Herzogsreut. Mit bald 89 Jahren gehört er zu derjenigen Generation, die nicht unbedingt für große Reden bekannt ist – und erst recht nicht für Lobeshymnen. Nicht nur deshalb ist das schlichte Urteil („a super Sach‚“) aus dem Munde von Walter Heindl nichts anderes als ein Ritterschlag für die Organisatoren. Vor allem, wenn man dabei die Mimik des weitum bekannten Freyungers betrachtet. Doch der Skipionier des Bayerwaldes strahlte anlässlich der Jubiläumsfeier 130 Jahre Skisport Herzogsreut nicht nur äußerlich. Dass sich Heindl am Sonntag, 28. Dezember, in seinem Element fühlte, war ihm deutlich anzumerken – obwohl er nicht auf seinem Lieblingsuntergrund, dem Schnee, unterwegs war.

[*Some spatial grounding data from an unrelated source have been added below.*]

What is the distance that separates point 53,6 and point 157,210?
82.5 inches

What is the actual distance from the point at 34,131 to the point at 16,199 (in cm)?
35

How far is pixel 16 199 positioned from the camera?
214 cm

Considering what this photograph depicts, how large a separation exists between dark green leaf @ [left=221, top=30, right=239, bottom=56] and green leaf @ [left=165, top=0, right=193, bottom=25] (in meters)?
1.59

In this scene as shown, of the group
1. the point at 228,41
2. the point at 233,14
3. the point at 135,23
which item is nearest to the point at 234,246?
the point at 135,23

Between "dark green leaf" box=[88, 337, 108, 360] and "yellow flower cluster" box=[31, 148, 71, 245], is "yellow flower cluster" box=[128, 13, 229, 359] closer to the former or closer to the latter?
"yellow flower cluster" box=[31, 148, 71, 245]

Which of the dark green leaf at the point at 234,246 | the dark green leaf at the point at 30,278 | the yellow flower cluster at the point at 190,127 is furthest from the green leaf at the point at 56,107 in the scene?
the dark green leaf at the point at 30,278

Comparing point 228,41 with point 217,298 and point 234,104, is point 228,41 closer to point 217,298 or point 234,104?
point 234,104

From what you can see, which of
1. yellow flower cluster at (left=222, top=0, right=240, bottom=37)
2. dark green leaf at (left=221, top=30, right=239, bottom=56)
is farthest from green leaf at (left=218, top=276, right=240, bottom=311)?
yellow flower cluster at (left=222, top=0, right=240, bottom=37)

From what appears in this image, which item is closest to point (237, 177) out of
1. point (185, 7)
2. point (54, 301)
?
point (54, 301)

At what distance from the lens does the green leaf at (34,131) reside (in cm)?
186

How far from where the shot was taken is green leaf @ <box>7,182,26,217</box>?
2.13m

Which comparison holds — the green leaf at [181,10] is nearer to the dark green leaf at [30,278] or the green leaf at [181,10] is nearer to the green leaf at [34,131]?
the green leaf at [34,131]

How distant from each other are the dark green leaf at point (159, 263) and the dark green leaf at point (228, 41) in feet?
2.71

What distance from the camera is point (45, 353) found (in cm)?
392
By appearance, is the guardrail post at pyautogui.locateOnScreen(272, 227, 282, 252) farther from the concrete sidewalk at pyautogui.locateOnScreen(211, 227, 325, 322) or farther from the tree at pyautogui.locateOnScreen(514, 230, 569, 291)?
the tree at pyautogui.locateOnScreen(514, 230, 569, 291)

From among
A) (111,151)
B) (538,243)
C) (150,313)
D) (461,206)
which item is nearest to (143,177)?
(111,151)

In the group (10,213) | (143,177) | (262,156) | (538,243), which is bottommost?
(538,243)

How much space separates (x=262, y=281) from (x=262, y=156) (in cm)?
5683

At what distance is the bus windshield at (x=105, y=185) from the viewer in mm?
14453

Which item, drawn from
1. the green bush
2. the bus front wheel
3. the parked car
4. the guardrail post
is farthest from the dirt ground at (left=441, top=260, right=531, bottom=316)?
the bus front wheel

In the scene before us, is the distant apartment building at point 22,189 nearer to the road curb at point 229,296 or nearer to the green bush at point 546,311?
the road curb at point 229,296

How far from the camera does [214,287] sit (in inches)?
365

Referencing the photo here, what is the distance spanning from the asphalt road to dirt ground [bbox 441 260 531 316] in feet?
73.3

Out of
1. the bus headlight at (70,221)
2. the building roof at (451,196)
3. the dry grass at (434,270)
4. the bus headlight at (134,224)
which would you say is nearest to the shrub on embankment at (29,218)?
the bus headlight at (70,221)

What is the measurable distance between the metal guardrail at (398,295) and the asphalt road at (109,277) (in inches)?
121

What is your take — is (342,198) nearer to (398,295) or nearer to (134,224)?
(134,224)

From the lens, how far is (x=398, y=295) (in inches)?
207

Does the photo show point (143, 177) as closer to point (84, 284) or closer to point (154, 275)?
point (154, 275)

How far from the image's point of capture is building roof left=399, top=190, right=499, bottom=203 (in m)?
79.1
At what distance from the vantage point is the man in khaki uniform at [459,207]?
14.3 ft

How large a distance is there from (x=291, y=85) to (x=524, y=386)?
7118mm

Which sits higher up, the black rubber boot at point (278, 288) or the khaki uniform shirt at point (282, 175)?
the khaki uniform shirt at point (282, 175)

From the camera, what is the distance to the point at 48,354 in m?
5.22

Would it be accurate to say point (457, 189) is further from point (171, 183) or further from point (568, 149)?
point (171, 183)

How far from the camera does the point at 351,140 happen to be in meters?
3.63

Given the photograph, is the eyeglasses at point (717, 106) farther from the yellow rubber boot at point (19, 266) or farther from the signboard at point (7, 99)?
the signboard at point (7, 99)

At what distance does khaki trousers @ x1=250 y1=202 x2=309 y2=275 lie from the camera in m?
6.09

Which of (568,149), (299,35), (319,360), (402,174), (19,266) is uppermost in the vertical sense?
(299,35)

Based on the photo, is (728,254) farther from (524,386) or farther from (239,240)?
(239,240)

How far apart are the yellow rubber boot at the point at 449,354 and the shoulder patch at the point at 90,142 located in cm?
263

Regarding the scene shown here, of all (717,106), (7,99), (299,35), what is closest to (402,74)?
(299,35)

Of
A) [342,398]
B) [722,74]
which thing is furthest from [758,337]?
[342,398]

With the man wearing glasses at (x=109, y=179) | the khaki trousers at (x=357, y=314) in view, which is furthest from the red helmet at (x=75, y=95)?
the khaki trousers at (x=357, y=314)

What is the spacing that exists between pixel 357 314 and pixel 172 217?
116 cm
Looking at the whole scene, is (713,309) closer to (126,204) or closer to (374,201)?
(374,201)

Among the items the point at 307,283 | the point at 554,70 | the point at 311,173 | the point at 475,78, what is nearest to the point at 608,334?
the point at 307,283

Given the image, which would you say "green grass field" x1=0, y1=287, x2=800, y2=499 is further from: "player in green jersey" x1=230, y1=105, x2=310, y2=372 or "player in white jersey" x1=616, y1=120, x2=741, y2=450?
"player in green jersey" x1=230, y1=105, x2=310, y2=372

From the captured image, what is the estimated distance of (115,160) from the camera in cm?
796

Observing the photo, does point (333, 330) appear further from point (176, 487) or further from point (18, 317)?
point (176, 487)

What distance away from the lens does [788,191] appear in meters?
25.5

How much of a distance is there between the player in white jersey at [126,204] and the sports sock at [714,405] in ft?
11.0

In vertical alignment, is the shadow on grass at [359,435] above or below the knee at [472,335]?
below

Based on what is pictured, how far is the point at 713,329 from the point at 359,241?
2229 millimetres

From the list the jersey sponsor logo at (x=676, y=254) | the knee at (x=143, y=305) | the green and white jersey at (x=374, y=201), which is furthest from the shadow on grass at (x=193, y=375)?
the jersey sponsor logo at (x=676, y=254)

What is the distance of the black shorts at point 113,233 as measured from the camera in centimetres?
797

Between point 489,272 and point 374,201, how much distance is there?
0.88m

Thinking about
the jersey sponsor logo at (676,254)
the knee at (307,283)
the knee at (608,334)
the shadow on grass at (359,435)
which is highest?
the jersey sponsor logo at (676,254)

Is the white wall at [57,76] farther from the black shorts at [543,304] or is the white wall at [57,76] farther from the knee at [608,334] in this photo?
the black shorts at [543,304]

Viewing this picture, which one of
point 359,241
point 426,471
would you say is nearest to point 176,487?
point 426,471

Rund 250 Besucherinnen und Besucher feierten gemeinsam das Jubiläum „130 Jahre Skisport Herzogsreut“ in und um die neu erbaute Stockhalle des SC Herzogsreut. Foto: Helmut Weigerstorfer

Ja, die vielen Mühen der Verantwortlichen um Dieter Damasko, Wintersport-Spartenleiter des ausrichtenden Vereins SC Herzogsreut, haben sich am Ende doch noch gelohnt. Erst im dritten Anlauf konnte das Nostalgierennen am Fuße des Haidels, das vom Onlinemagazin da Hog’n begleitet worden ist, ausgetragen werden. Zweimal musste es aufgrund Schneemangels verschoben werden – und auch der tatsächliche Feiertag ging ohne Schnee und somit ohne alpines Geschehen über die Bühne.

„Plan B“ in Form eines Jokerturniers mit geselliger Umrahmung – allen voran von den Musikern „Waidler-Express“ – in der neuen Stockhalle des SC Herzogsreut wurde in die Tat umgesetzt. Selbst „Patenonkel“ Eduard Hauenstein, der 1895 eines der ersten Skirennen Deutschlands in Herzogsreut organisiert hatte, wäre da wohl gerne mit dabei gewesen.

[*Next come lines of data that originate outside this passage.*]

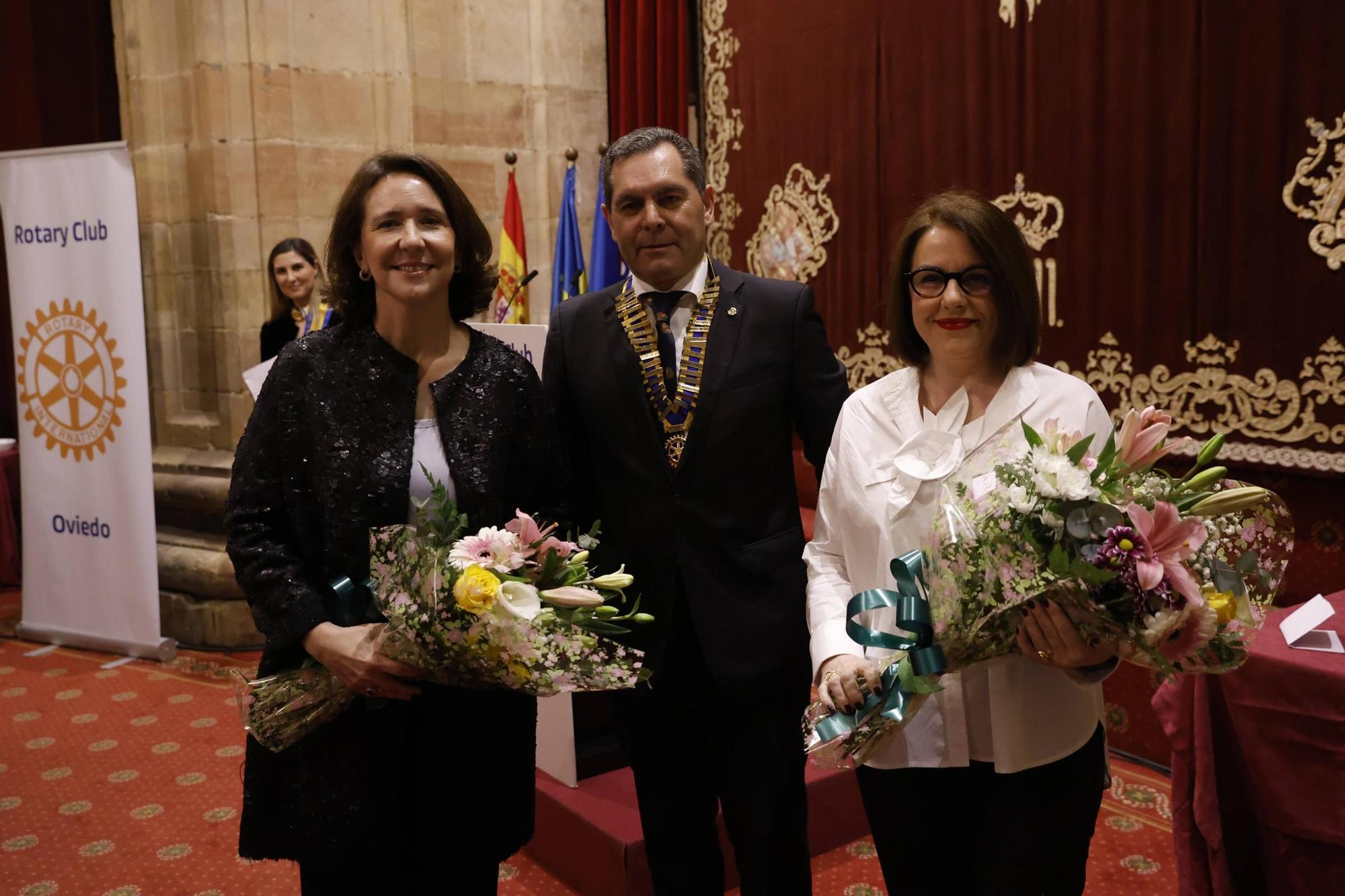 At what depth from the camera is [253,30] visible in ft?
16.4

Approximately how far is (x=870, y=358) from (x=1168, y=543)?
3391 mm

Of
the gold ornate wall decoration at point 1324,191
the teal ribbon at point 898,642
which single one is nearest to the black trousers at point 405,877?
the teal ribbon at point 898,642

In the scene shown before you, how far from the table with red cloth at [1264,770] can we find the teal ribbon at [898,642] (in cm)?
88

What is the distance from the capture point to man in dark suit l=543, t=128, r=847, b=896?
76.7 inches

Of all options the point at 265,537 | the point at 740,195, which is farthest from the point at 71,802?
the point at 740,195

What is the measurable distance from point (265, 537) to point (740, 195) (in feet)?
13.1

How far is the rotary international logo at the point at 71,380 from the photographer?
15.5 ft

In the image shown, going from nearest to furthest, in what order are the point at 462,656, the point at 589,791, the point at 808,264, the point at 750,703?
the point at 462,656 → the point at 750,703 → the point at 589,791 → the point at 808,264

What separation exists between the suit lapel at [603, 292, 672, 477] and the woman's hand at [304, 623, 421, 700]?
58cm

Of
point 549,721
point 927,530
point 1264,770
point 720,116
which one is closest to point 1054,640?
point 927,530

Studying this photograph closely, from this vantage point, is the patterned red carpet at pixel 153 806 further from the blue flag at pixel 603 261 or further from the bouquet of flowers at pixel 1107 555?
the blue flag at pixel 603 261

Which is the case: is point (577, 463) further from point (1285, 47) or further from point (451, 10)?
point (451, 10)

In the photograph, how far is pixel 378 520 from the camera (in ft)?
5.50

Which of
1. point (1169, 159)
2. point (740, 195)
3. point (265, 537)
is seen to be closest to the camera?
point (265, 537)
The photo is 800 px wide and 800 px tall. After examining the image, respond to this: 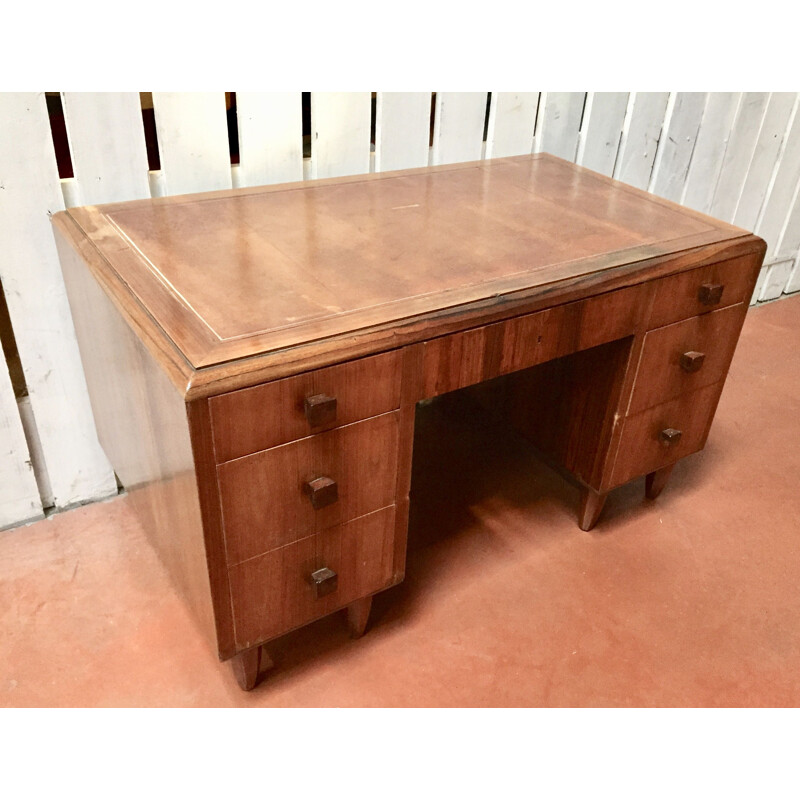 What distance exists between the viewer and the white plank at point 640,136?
1974 millimetres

Auch Freyung-Grafenaus Landrat Sebastian Gruber war begeistert von der Veranstaltung:

Zumal auch tatsächlich (Winter-)Sport betrieben worden ist. Zwar ohne weißer Pracht, dafür aber mit ordentlich Schweißperlen auf der Stirn. Denn auch bei den „Trockenübungen“ in Form eines Tandem-Ski-Parcours, eines Milchkannen-Rennens, einer Holzkegelbahn, beim Stelzen gehen, beim Zielschießen und beim Holz sägen wurden vor allem diejenigen Partien des Körpers in Anspruch genommen, die auch beim Skifahren gefragt sind: Kondition, Koordination – und bei manchem Teilnehmer auch Komik, also die Lach- bzw Baumuskeln.

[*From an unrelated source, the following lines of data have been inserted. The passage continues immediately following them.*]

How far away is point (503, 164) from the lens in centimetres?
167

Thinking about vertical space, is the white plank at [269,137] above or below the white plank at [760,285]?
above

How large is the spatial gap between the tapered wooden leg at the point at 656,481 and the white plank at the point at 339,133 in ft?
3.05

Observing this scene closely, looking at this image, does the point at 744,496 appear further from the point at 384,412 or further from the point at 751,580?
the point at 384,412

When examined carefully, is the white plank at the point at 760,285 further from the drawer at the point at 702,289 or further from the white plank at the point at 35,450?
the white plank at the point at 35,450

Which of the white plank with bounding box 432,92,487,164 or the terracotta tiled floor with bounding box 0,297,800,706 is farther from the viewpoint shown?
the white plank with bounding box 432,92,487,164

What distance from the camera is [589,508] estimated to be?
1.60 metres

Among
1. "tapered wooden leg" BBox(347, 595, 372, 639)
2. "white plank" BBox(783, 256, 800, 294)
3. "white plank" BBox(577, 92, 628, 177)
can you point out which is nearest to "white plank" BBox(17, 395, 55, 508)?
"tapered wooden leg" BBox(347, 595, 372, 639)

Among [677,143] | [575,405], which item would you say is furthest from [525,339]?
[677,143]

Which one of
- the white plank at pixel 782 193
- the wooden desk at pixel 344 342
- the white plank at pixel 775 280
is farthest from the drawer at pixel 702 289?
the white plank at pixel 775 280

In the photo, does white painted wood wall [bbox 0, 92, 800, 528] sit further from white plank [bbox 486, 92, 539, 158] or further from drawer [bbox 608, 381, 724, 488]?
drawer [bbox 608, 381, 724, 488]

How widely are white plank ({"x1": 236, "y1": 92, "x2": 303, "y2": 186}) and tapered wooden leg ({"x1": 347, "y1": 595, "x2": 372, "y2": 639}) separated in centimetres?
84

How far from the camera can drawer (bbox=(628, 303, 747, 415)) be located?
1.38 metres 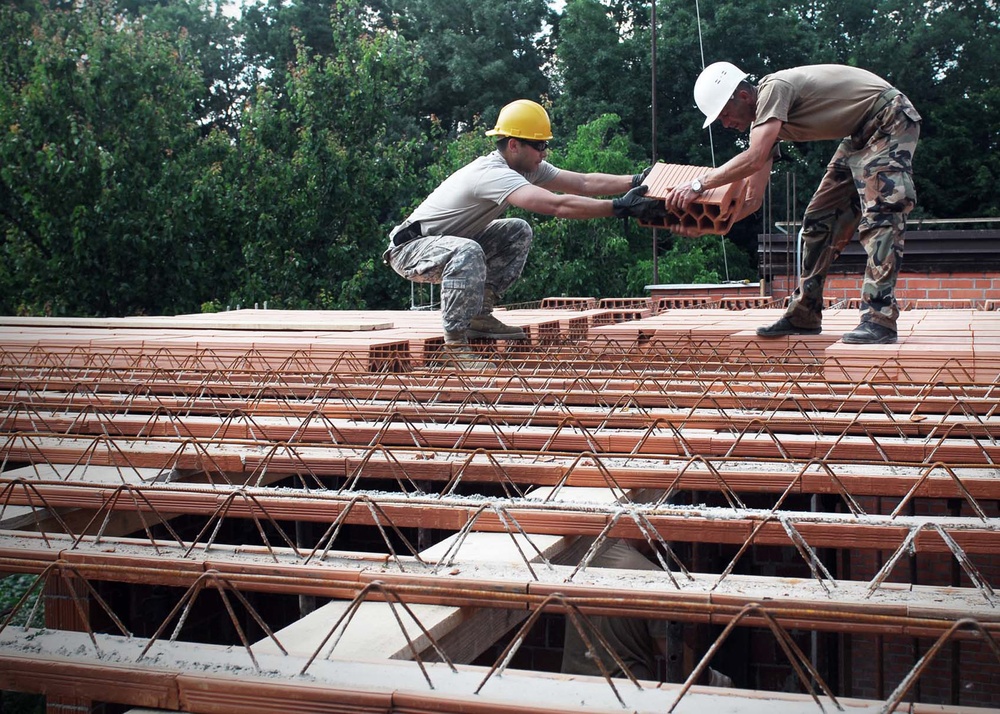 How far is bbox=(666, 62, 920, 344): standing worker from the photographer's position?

Und wie es sich für einen ordentlichen Wettbewerb gehört, gab es auch Sieger und eine Menge Zweitplatzierter, die von Landrat Sebastian Gruber ausgezeichnet worden sind:

  • 1. Platz: Die drei Lustigen Vier
  • 2. Platz: D’Verwandtschaft 
  • 3. Platz: Die Rotbachauer

„Leider hat auch dieses Mal das Wetter nicht mitgespielt“, zeigte sich Anton Breit, Sprecher des ausrichtenden SC Herzogreut, einerseits traurig. Andererseits strahlte der ehemalige Vereinsvorsitzende mit der Sonne um die Wette. Denn das, was er am 28. Dezember gesehen hat, war genau sein Wetter: eine Mischung aus sportlichem und gesellschaftlichen (Groß-)Ereignis. Alles in allem ein Tag, der perfekt  war – „nicht nur, um die Erinnerung an einen wichtigen Vorreiter des Skisports zu wahren, sondern auch aufgrund des großen Interesses und der Begeisterung in der Bevölkerung für das Nostalgierennen“.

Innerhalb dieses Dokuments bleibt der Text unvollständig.